We’ve made a variety of unique and expensive choices that make our platform more reliable and scalable, but which wouldn’t make sense for a “normal” business. These include:
- Multiple availability zone architecture: In each region Queue-it has data centers in, it is deployed across at least three availability zones. This allows Queue-it to remain available in the unlikely event of two availability zones failing at the same time.
- Cell-based architecture: Each Queue-it customer has at least one dedicated subdomain and load balancer entry point which handles traffic and distributes load. This ensures potential attacks on one customer can't impact other customers, and enables us to incrementally deploy new releases.
- Aggressive autoscaling: Our autoscaling is configured to be highly aggressive, which can increase costs, but allows us to scale extremely fast when traffic starts to rise.
- Regular load testing: We load test regularly with huge volumes of traffic to ensure tests are always up to date and meet the expected requirements.
- Redundancies: In every spot where there’s potential for failure or insufficient resources, we have redundancies in place.
- Decoupled architecture: Our admin platform is completely detached from our end-user-facing queue service. This is more expensive than running them together, but it limits the blast radius of any potential failures.
- Simplified architecture: We prioritize simplicity in our architectural approach, because the simpler our architecture is, the simpler it is to scale. All systems are built to minimize dependencies and single points of failure, which may make us slower moving than some companies, but lets us maintain extremely high availability.
- Minimal third-party usage: Aside from AWS, our service relies on very few downstream services to operate—to minimize the risk of third-party outages.
The cloud repatriation movement, to me, is an important balancing of the scales.

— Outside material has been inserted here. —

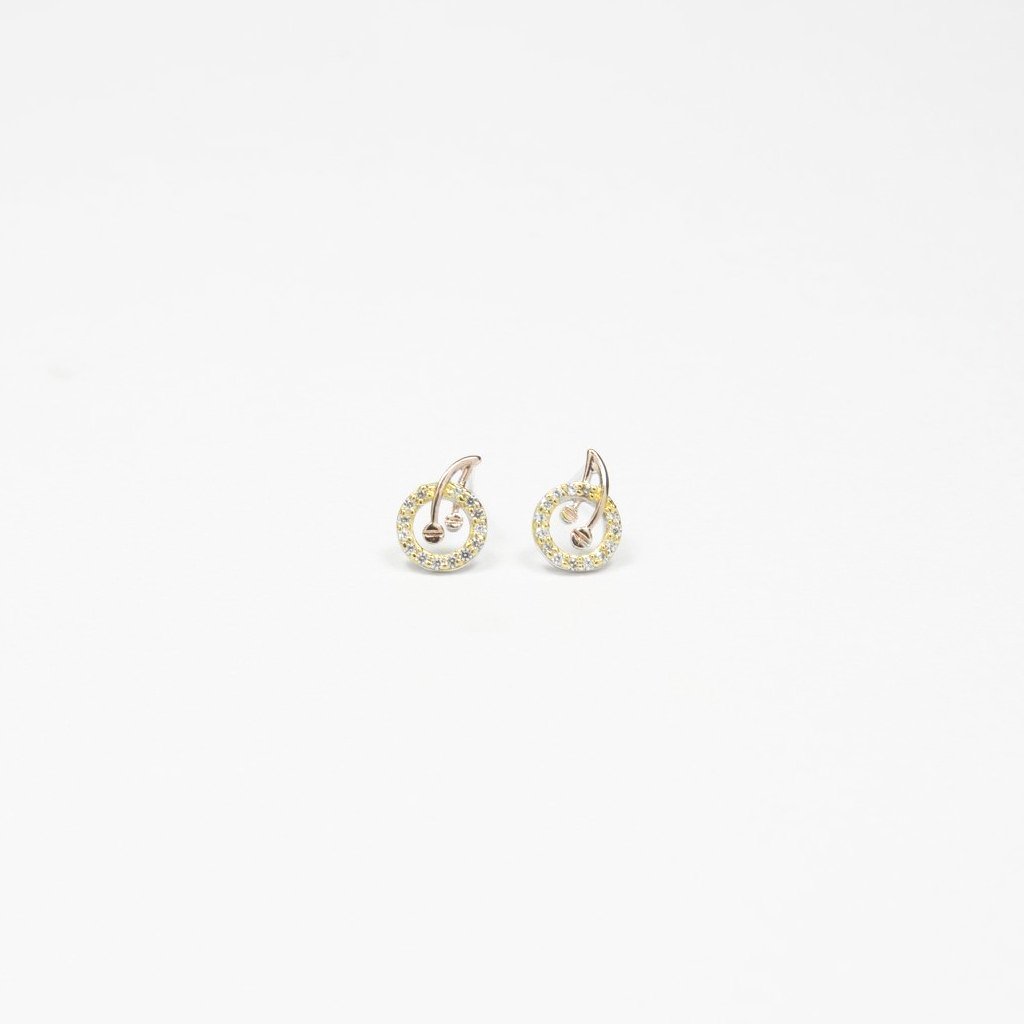 Cherry Goujon Gold/Rose Gold Earrings - by Claurete Jewelry at Claurete.com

Like any other big trend, companies and orgs across industries rushed to embrace cloud computing without pausing to ask if it was the right fit for them.
Now, almost 20 years after the commercialization of cloud computing, people are finally asking the right questions.
Cloud is like any other major tech development—AI, blockchain, the internet of things. It’s a huge enabler for many businesses. But for others, it’s just another fancy trend that creates more work and larger costs without any real value-add.
That’s why major companies like Dropbox, Basecamp, and Ahrefs have pivoted to a hybrid or completely on-prem approach—and have reportedly saved millions by doing so.
But for us, we know that Queue-it couldn’t exist without the cloud. We couldn’t handle the kind of crazy unpredictable traffic spikes and huge traffic fluctuations we see on a weekly basis.
We know cloud is right for us. We’re conscious of the costs and do our best to keep them down. But we have extreme standards for reliability and scalability, and cloud enables us to live up to those standards.